Sometimes Making Something Leads To Nothing
With the Conflux Festival recently taking place in New York City, and the 7a*11d International Festival of Performance Art currently happening here in Toronto, I can’t help but note the incredible rise in popularity that location-based performance art and psychogeographic art interventions have enjoyed over the last decade.
I’m also reminded of the first project I ever came across that introduced me to the world of dérive-inspired performance art and how it remains to be one of my favourite pieces today. Francis Alys’ Sometimes Making Something Leads to Nothing was shot in 1997 and involves the artist pushing an ice block through the streets of Mexico City until it melts into nothing.
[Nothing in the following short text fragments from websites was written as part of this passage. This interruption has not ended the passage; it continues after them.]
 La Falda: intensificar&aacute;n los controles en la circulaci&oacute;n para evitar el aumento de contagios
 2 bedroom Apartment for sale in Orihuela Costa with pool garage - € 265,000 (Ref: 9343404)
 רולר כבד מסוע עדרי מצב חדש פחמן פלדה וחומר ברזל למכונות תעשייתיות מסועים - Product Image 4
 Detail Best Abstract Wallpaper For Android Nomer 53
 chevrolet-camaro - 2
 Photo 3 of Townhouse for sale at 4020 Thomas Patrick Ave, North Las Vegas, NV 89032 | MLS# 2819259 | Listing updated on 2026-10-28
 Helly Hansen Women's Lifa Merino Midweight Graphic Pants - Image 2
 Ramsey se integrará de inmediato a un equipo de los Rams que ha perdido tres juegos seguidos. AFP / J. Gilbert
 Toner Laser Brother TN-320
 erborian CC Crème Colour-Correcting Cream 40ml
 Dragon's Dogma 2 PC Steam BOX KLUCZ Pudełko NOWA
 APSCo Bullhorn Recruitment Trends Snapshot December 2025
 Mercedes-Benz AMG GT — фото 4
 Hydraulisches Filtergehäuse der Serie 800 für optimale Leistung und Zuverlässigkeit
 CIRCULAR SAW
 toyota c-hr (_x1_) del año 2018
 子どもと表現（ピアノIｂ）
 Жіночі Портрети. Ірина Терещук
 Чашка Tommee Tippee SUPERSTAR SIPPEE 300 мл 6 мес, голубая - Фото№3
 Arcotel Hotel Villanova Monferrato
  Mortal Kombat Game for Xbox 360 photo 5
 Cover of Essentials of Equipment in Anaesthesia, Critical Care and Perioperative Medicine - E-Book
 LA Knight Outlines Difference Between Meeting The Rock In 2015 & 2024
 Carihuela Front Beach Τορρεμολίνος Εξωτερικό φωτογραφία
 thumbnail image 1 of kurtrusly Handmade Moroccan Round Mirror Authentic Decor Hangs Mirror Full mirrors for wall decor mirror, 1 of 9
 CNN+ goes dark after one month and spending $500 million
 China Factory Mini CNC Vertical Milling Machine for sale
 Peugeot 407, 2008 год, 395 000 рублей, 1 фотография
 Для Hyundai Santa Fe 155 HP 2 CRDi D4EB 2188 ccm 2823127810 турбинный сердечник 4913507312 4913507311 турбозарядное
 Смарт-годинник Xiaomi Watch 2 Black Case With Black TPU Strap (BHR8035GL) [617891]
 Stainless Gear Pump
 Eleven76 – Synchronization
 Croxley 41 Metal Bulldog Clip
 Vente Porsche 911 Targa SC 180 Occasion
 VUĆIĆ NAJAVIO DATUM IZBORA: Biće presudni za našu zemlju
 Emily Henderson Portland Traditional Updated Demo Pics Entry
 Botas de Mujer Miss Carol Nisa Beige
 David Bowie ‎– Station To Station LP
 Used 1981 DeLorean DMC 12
His task at the beginning is laborious and sisyphean, as he struggles to move the imposing weight along the pavement in what seems to be a futile performance. By the end his act has become playful as he delicately kicks the small ice stone across the sidewalk, akin to a child entertaining himself by kicking a pebble on his walk home from school.
Perhaps the most refreshing part of the piece, aside from the poetic simplicity of it all, is its complete analog nature. Nowadays the world of psychogeographic art is focused on the re-jigging of digital communication technologies for alternative urban explorations. What Francis Alys shows us is that sometimes all you need is an ice block to experience your city in a different way.